Küss den Frosch

Disneys erster klassisch gezeichneter Trickfilm seit Jahren ist eine amerikanisierte Version des Froschkönigmärchen. Die Handlung wurde ins historische New Orleans verlagert. Hier arbeitet die Kellnerin Tiana für die Verwirklichung ihres amerikanischen Traums - eines eigenen Restaurants. Aber bald hat sie ganz andere Sorgen als nur fehlendes Geld. Ein sprechender Frosch bittet sie um einen Kuss um von einem Fluch erlöst zu werden. Aber der Versuch geht nach hinten los. Statt den Frosch in einen veritablen Prinzen zu verwandeln, wird Tiana selbst zum Frosch. Entsprechend sauer ist sie auf den Hüpfer. Aber nur mit ihm gemeinsam kann sie hoffen, sich wieder zurückzuverandeln. Dafür müssen die beiden sich den Gefahren der Sümpfe Louisianas stellen, lernen dabei aber natürlich auch neue Freunde kennen.
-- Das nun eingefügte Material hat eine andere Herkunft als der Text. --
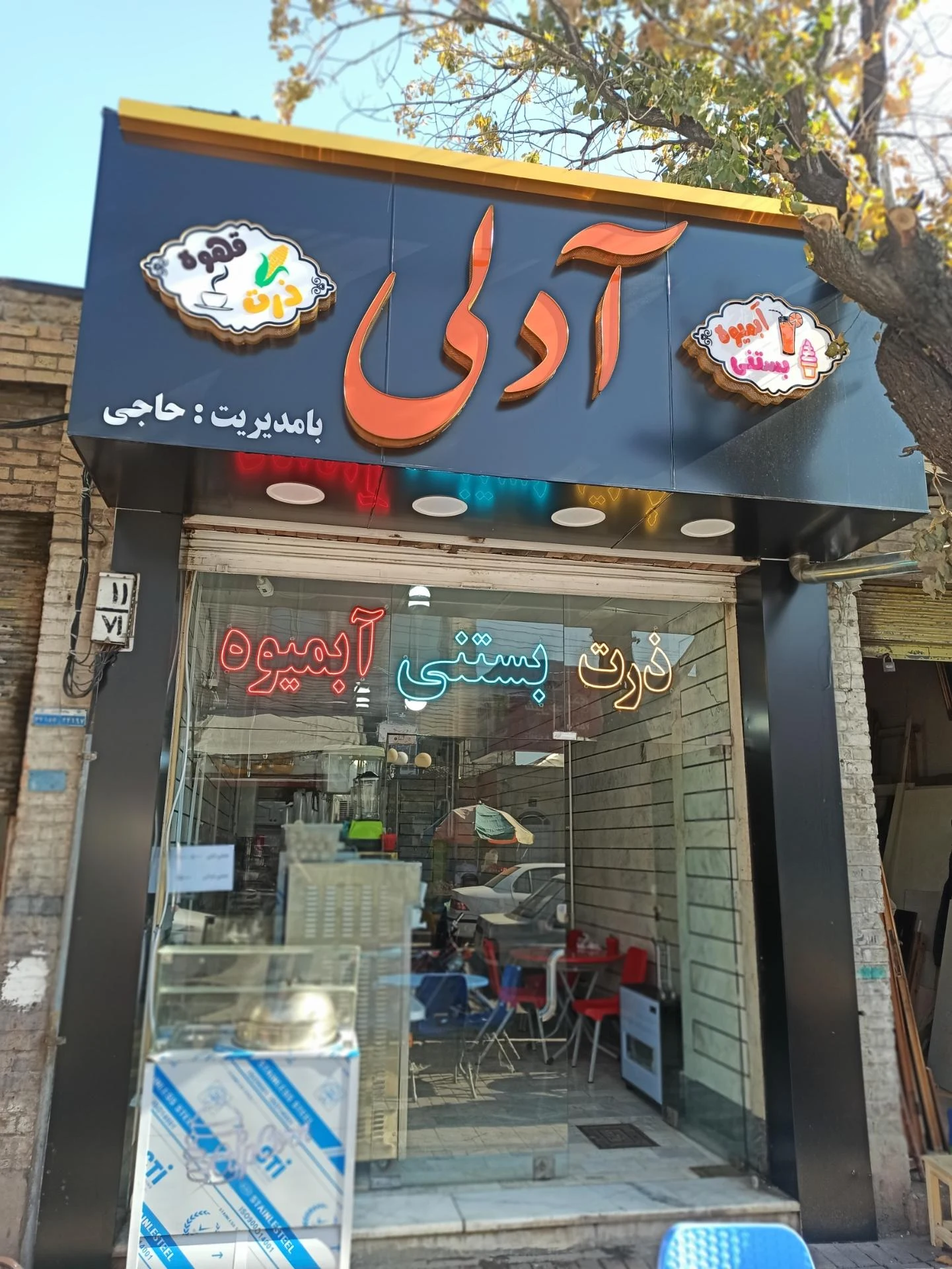 آبمیوه فروشی حاج حسن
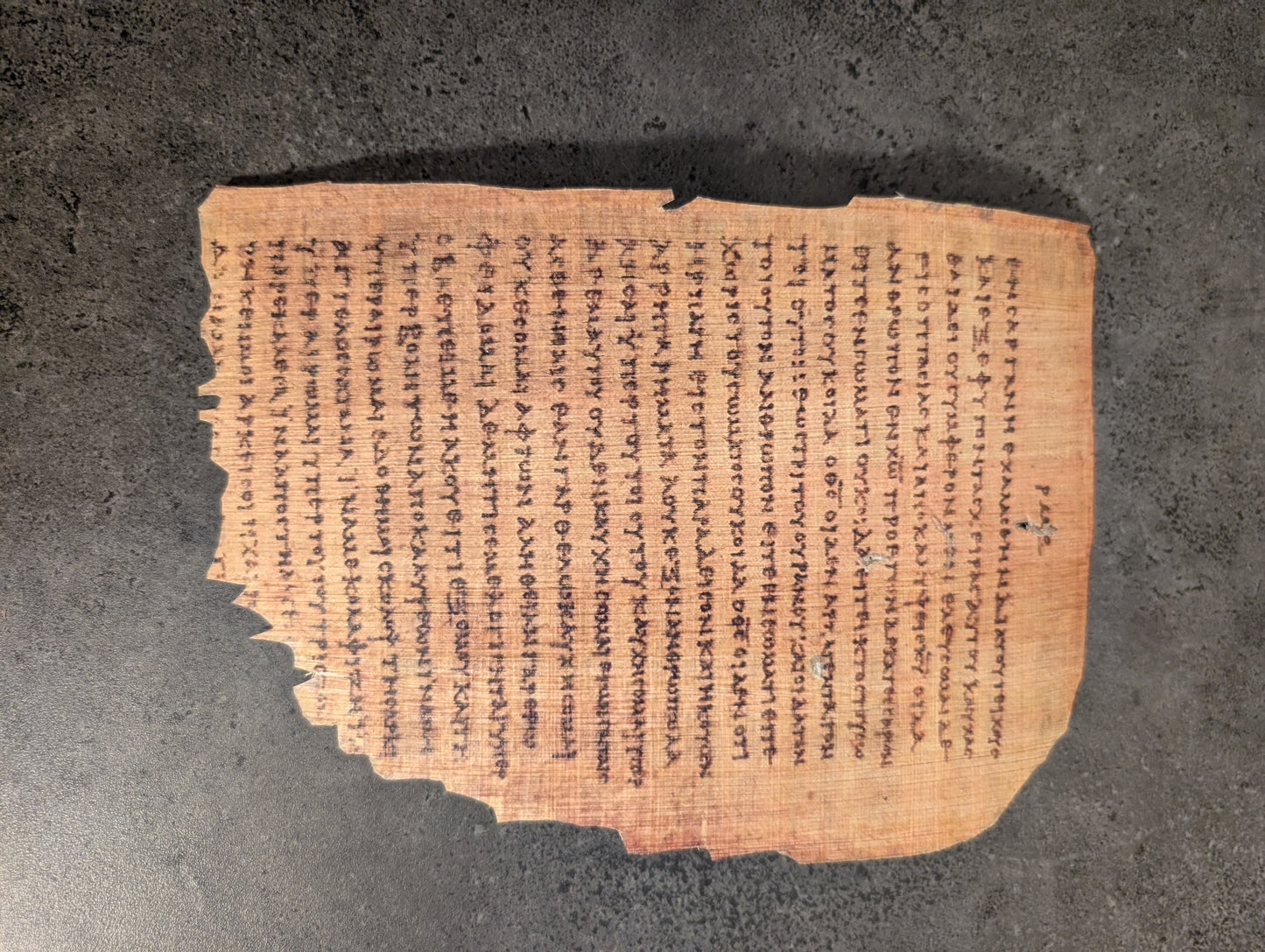 P46 (2 CORINTHIANS | Replica • AD 225 |Pauline Epistles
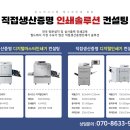 부산인쇄사 이미지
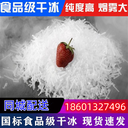 肇慶冰快配送肇慶食用冰塊肇慶降溫冰塊肇慶制冰廠(chǎng)肇慶干冰配送肇慶液氮廠(chǎng)家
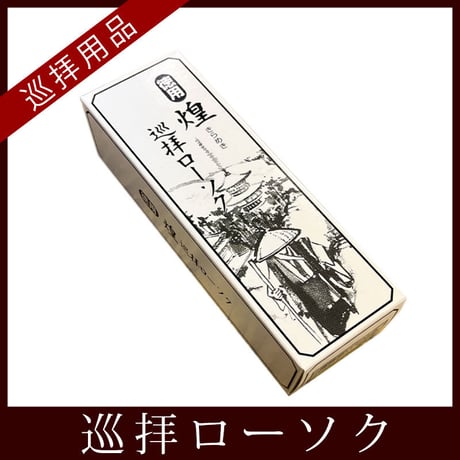 CATEGORY 四国八十八ヶ所霊場 | お遍路用品専門店・遍路の店サンエイ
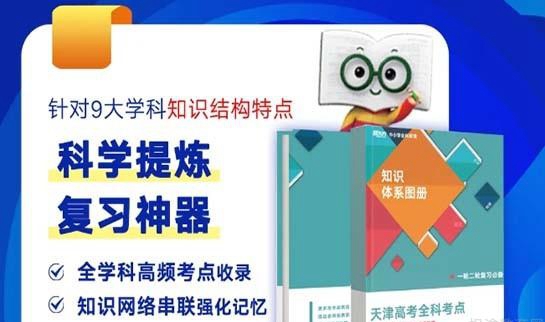 上海新东方学校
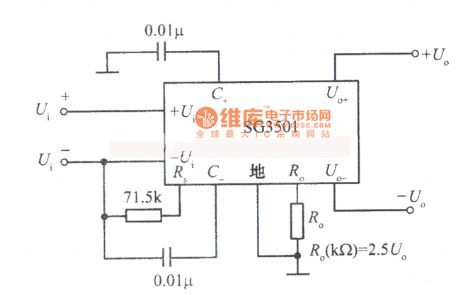 Changing bipolar power supply circuit composed of SG3501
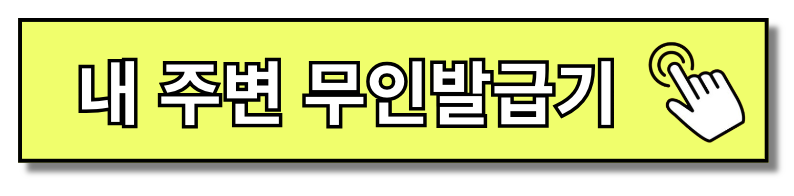 인감증명서 인터넷 발급 및 무인발급기 발급방법 3분 만에 보기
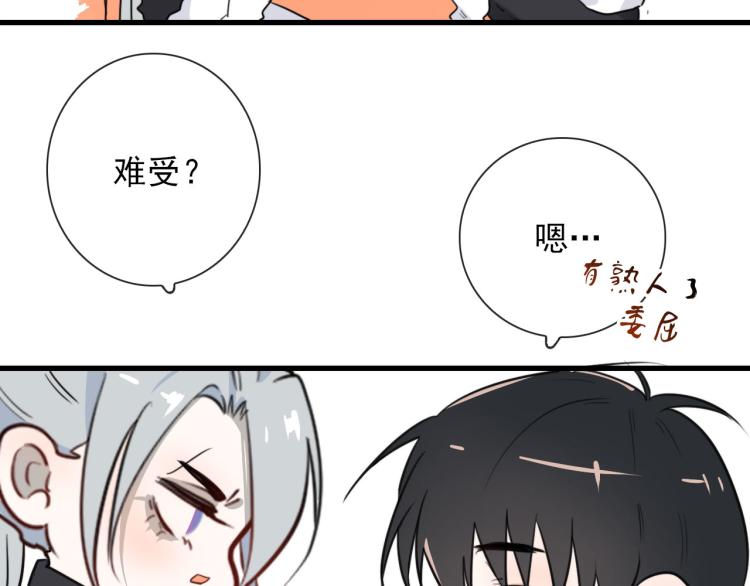 第34话  不就大我万吧岁14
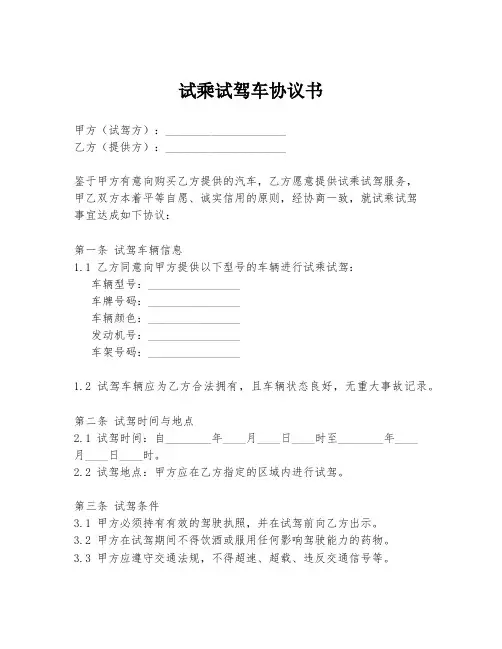 试乘试驾车协议书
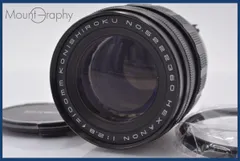 希少 送料無料 限定１個 VARIFOCAL ヘキサノン 35-100 F2.8 Varifocal Hexanon AR 35-100mm F2.8 レンズの王様で : nakajima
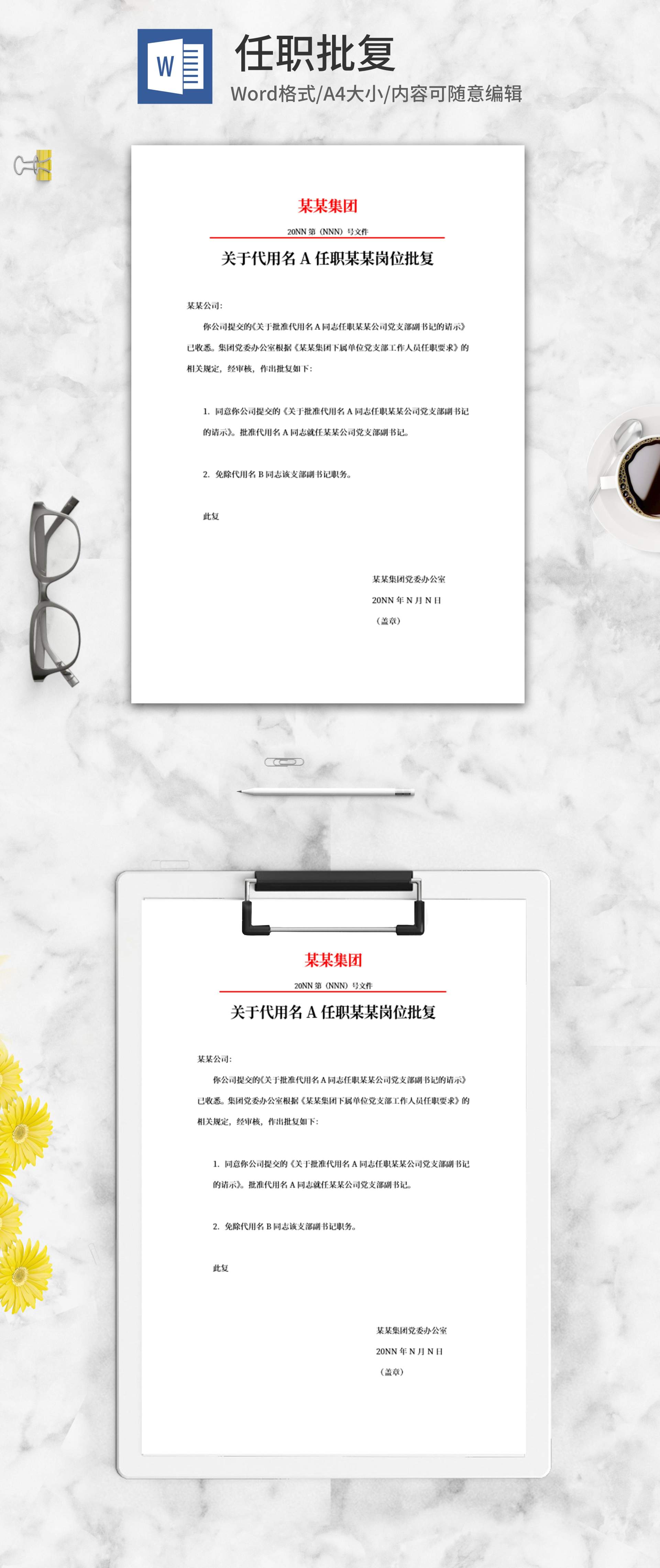 集团任职批复公文word模板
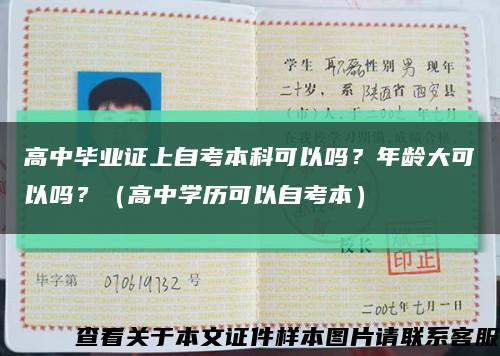 高中畢業證上自考本科可以嗎？年齡大可以嗎？（高中學歷可以自考本）縮略圖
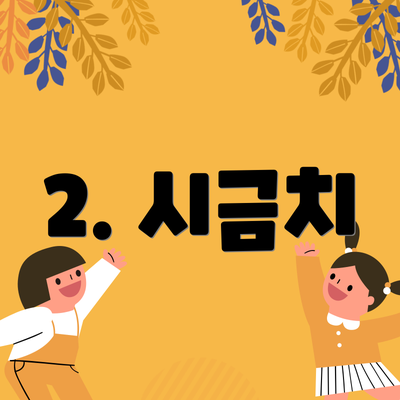 2. 시금치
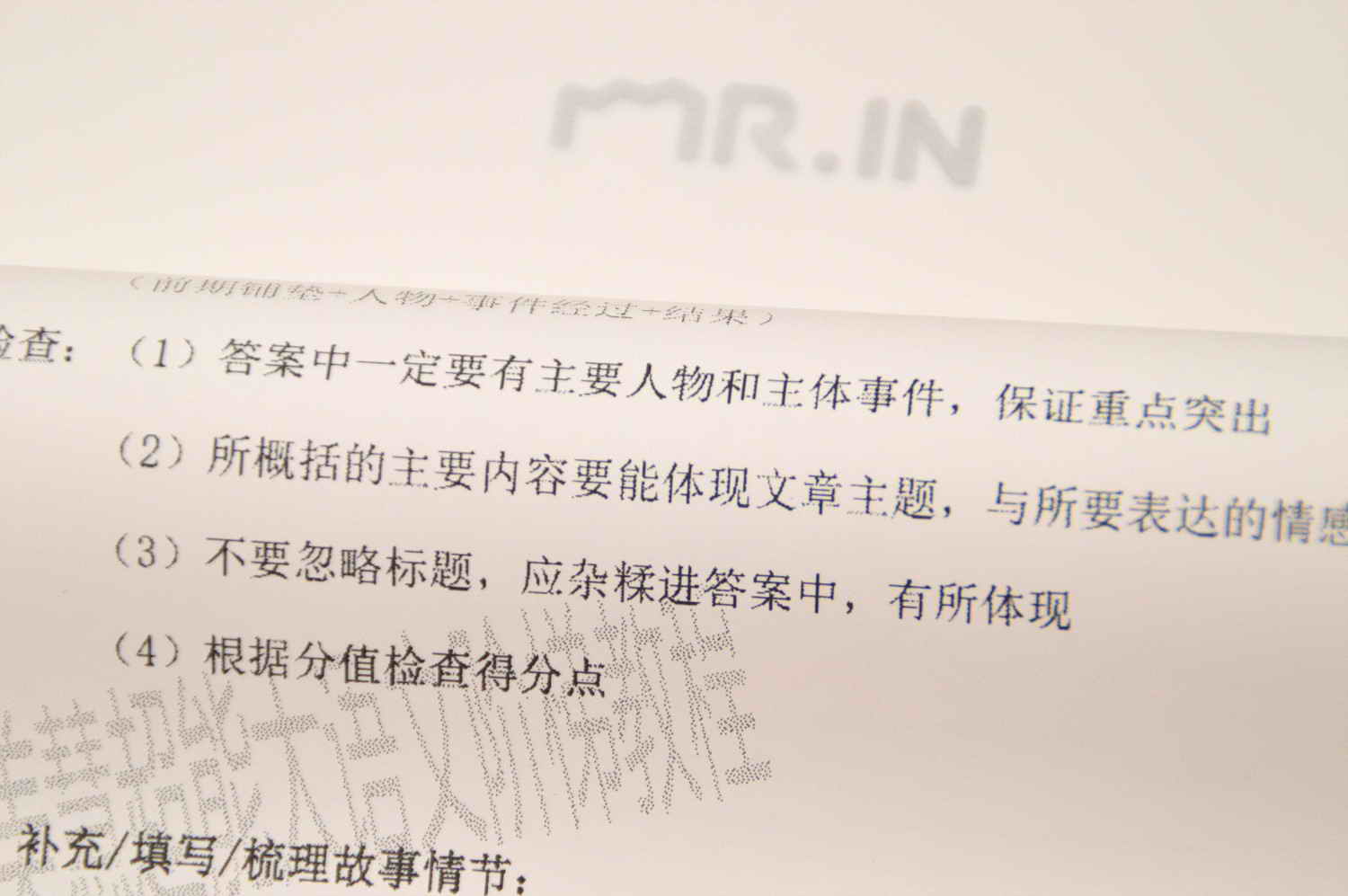 印先森打印机效果,印先森打印机适合多大用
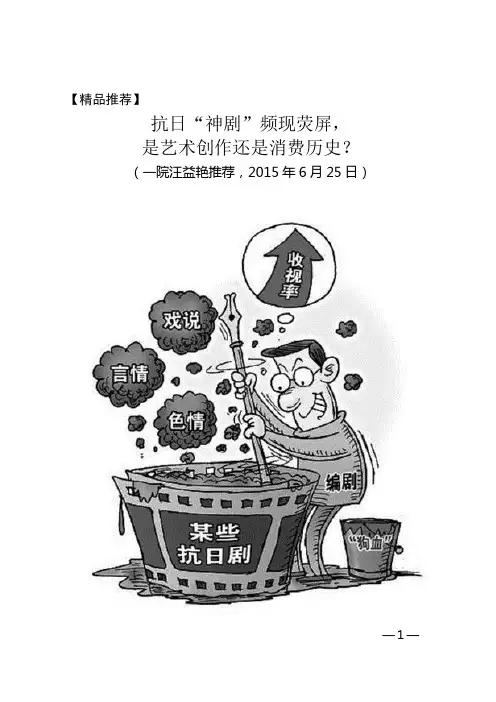 05-212【精品推荐】抗日“神剧”频现荧屏,是艺术创作还是消费历史(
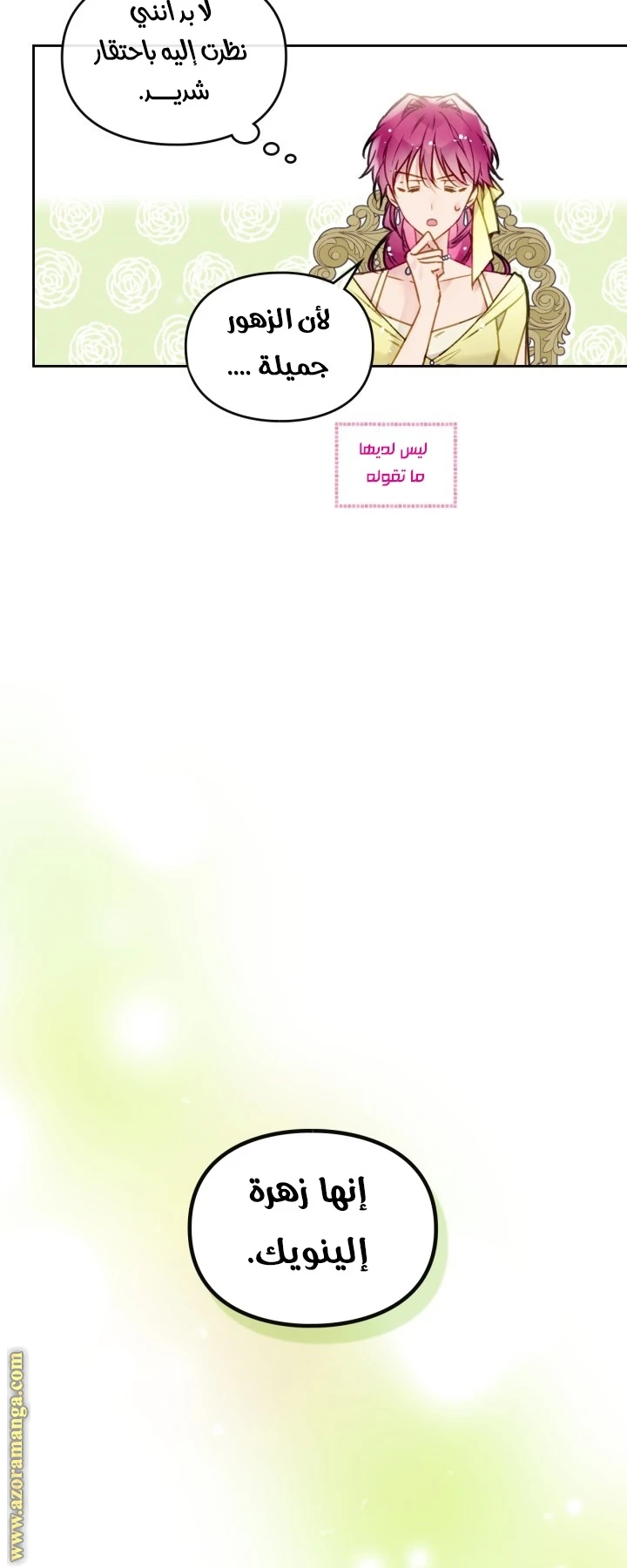 Read Villains are Destined to Die AR Manga Online
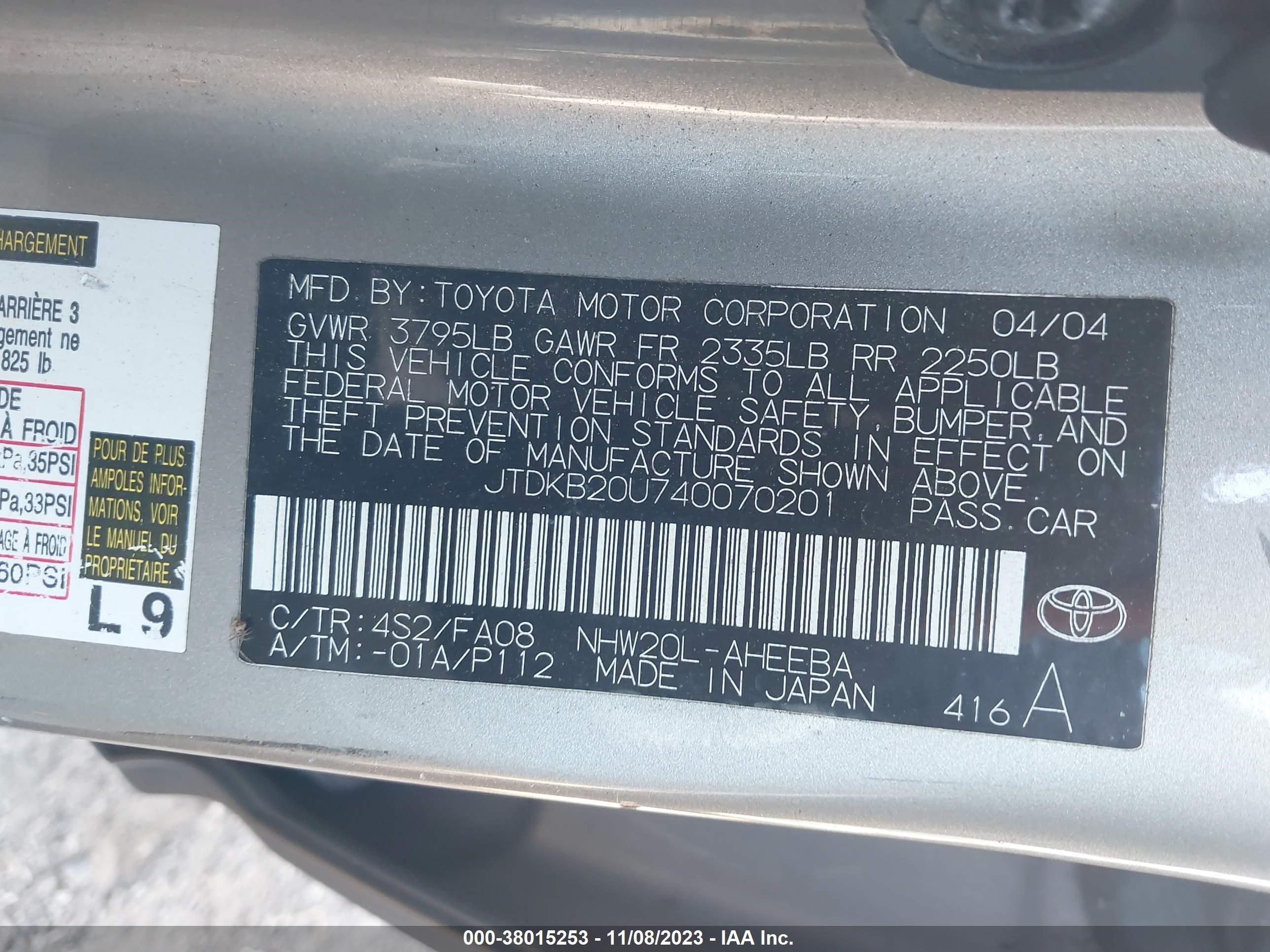 Photo 8 VIN: 2HGFA1F93AH515317 - TOYOTA PRIUS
Vor einigen Jahren hatte der Disney-Konzern seine Zeichentrickabteilung eingemottet. Eine klassische Kapitulation vor dem CGI-Boom. Ausgerechnet Pixar-Mastermind John Lasseter hat die Zeichner nun aus dem Vorruhestand geholt. Seit der Übernahme von Pixar durch Disney ist er Kreativ-Chef der gesamten Disney-Animation.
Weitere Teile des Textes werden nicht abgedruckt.